L’original allemand, même dans la seconde édition, sur laquelle a été fait notre travail, est hérissé d’une multitude de notes, pleines de détails et d’observations, qui ajoutent beaucoup à l’intérêt des chapitres qu’elles accompagnent, mais le scindent et le divisent trop. Nous avons jugé préférable de fondre dans le texte même la substance de tout ce qui nous a paru susceptible d’y être incorporé. Nous n’avons pas hésité non plus à élaguer certains détails d’érudition, trop minutieux, sans étroite liaison avec le fond du sujet, et ne s’adressant qu’aux philologues et aux archéologues. De simples renvois à l’ouvrage original pouvaient suffire pour cette classe, peu nombreuse, de lecteurs savants. Nous avons supprimé de même presque tous les passages grecs, et quelques citations trop longues en langue latine, mais en ayant toujours soin de laisser subsister l’indication précise des noms d’auteurs, des titres de leurs écrits et des autres sources, qui renferment la garantie du texte. Cette partie assez délicate de notre travail avait toutefois un côté embarrassant ; mais l’auteur a eu l’obligeance de nous y mettre à notre aise, en se chargeant de revoir lui-même toutes les feuilles de cette traduction libre, qui paraît ainsi revêtue de son approbation.
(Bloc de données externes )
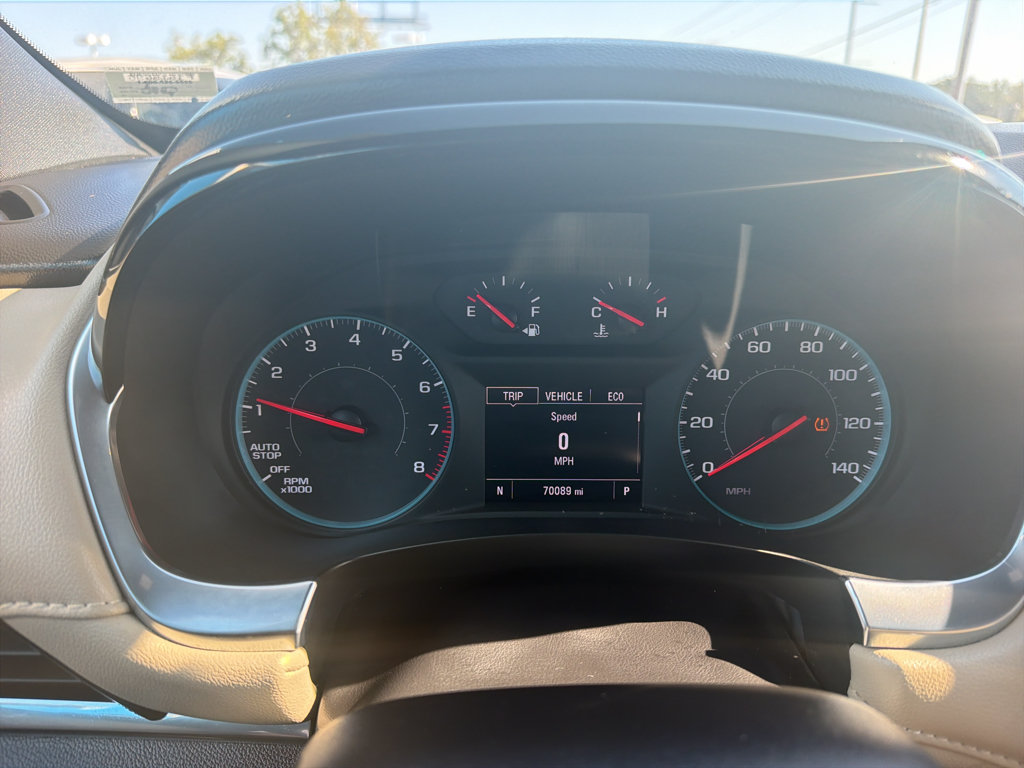 Used 2022 Chevrolet Traverse LS FWD image 19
L’étude de toute grande période historique tend à des enseignements qu’il importe de mettre en relief, parce qu’ils réfléchissent sur toutes les époques de l’histoire.

Or, M. Friedlænder s’est abstenu, jusqu’à présent, de tirer des conclusions de son livre, ce qui, à notre point de vue, l’isolait un peu trop du fond politique et social sur lequel repose le tableau des mœurs de l’empire romain. Nous avons cherché à y suppléer par les considérations générales du commencement, que nous avons signées, afin d’éviter toute promiscuité et de ne laisser à l’auteur allemand, vis-à-vis du public, la responsabilité d’aucune opinion contre laquelle il pourrait avoir des objections à faire valoir.

La table chronologique, qui termine cette espèce d’introduction, peut aider à mettre le livre, à la portée de tout le monde. Hors de là, nous ne nous sommes permis de faire que très peu d’additions au corps de l’ouvrage même, où la plupart des changements ne portent que sur la disposition des matières et la forme, qu’il s’agissait quelquefois de mieux approprier à ces convenances littéraires qui varient d’un pays à l’autre. Nous nous sommes d’ailleurs fait un devoir de distinguer partout rigoureusement, au moyen d’astérisques, le peu que nous avons ajouté de tout ce qui appartient en propre à M. Friedlænder.